WASHINGTON – The quick rebound in global stocks last week following Britain’s vote to leave the European Union was welcome relief to investors. Many surmised that markets were now looking past the so-called Brexit risks; some even declared victory.
Not so fast.
After initially recovering from the shocking June 23 referendum results, stocks in Europe and Asia extended losses Wednesday. Major U.S. stock indexes opened lower, with the Dow off about 80 points, or 0.5 percent, at the opening bell after falling 108.75 Tuesday. By noon Eastern time, the Dow had largely recovered its losses.
Meanwhile, U.S. and Japanese government bond yields hit record lows as anxious investors continued to run for safety. And the British pound fell to a fresh 31-year low – to less than $1.30 – in what some analysts see as a sign of prolonged volatility ahead for financial markets and increased contention among nations especially over currency values, which are critical in global trade and capital flows.
“It really looks like we’re on the cusp of FX (foreign exchange) wars,” said Christopher Vecchio, currency strategist at FXCM Inc., an online foreign exchange trading broker. “Competitive devaluations seem to be very much on the horizon.”

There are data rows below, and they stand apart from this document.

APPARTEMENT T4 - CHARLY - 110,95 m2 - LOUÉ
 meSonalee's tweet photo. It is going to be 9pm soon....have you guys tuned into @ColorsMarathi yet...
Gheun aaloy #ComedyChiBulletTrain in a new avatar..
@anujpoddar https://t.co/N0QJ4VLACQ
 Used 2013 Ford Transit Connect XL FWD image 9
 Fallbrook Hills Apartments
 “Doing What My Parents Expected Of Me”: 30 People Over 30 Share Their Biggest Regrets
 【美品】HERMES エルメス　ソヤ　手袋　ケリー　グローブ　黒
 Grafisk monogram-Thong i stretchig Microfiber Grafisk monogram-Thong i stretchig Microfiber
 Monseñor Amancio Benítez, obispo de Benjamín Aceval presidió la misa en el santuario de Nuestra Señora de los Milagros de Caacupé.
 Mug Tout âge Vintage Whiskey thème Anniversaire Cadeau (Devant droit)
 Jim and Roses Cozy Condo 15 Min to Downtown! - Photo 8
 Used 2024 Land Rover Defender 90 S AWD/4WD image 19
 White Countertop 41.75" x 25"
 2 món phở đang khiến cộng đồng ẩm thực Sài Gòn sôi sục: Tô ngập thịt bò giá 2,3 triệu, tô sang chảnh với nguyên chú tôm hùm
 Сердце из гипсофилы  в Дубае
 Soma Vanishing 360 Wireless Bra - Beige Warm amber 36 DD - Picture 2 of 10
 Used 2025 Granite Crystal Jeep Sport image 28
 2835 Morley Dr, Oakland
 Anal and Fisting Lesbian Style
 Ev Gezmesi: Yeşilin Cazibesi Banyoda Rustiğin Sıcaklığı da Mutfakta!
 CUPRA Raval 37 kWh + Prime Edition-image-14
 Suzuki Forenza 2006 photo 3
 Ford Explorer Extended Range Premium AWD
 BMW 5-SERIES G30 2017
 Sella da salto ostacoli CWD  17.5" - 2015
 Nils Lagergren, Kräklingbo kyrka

The U.S. dollar now looks to be strengthening anew. And that will further strain American exports as a weaker dollar makes U.S. products more expensive in foreign markets, in turn pushing the Federal Reserve to stay on the sidelines of interest rate action.
The Commerce Department said Wednesday that total U.S. exports of goods and services slipped in May and were down 5 percent in the first five months of this year compared with a year earlier. Imports were up 2 percent through May, meaning an increase in the politically sensitive U.S. trade deficit.
The dollar had risen from late 2014, reflecting increasing oil prices, indications of forthcoming Fed rate hikes and the relative strength of the American economy that attracted inflows of capital. That rally peaked early this year and looked to be retreating, but the British referendum to quit the EU has brought a resurgence of demand for the dollar as investors seek the security of U.S. Treasury notes.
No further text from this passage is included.